America's recent decision to impose tariffs on Chinese tire imports isn't as clean-cut of an issue as either its supporters or detractors make it out to be.
First of all, there is nothing inherently "good" or "bad" about tariffs, protectionism, free trade or any other buzzwords of the moment. As Korean economist Ha Joon Chang has amply demonstrated, on their ascent to power, every major industrial state (yes, including Britain) protected key markets and opened them, tightly guarded intellectual property rights and wantonly violated them, and welcomed FDI and restricted it.
The winners and losers in each trade dispute vary, but it would take a market fundamentalists of a utopian variety to argue with a straight face that under absolute free trade "everyone is a winner." A little like some peppy grade school teacher saying that in sports everyone wins because it makes everyone healthy and fills everyone with team spirit. Really? Even the guy who hates to play sports? Or the one who broke his leg? Maybe a bad analogy...
Back to the dispute at hand... some criticize the Obama administration's penalties as "political." As those who make such criticisms tend to make an ostentatious show of noting that few (if any) tire companies supported the tariffs, it is clear that the heart of their argument is this: captains of industry are legitimate actors in trade decisions and not by any means "political," but unions, specifically the United Steel Workers, are not. Unions---and voters more generally---are just interest groups, goes the logic, the sort of folks who are "pandered" to by venal politicians.

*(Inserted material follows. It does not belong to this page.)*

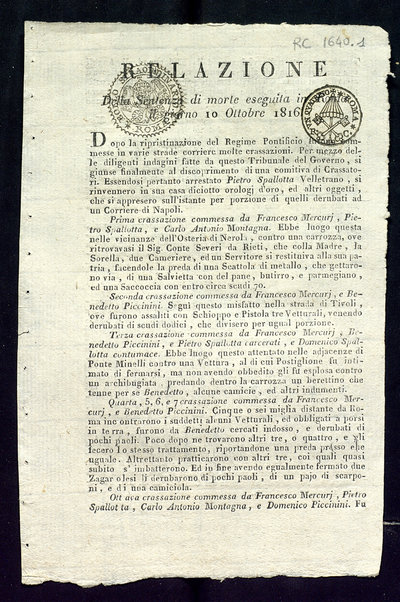 Relazione della sentenza di morte eseguita in Roma il giorno 10 ottobre 1816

On the Chinese side, there's a fair case, too, though. Many in the P.R.C. were rightly angered by the concessions that former Premier Zhu Rongji made to get China into the WTO in the 1990s, concessions that came from a Clinton administration that bombed the Chinese embassy in Yugoslavia around the same time. It is precisely these special conditions that allow the Obama administration to hit China on tires (and steel pipes and other stuff)... but not hit similar "dumping" by other countries.
Young Chinese nationalists do their countrymen a better service by fighting imbalanced treaties---as their forebears during the May Fourth Movement did 90 years ago---than they do by whining about media coverage or defending Chinese colonial policies toward ethnic minorities.
So, where do I fall? Fair to protect your workers (on both sides). Nothing right or wrong inherently about protecting this or not protecting that industry. But unequal treaties are lame.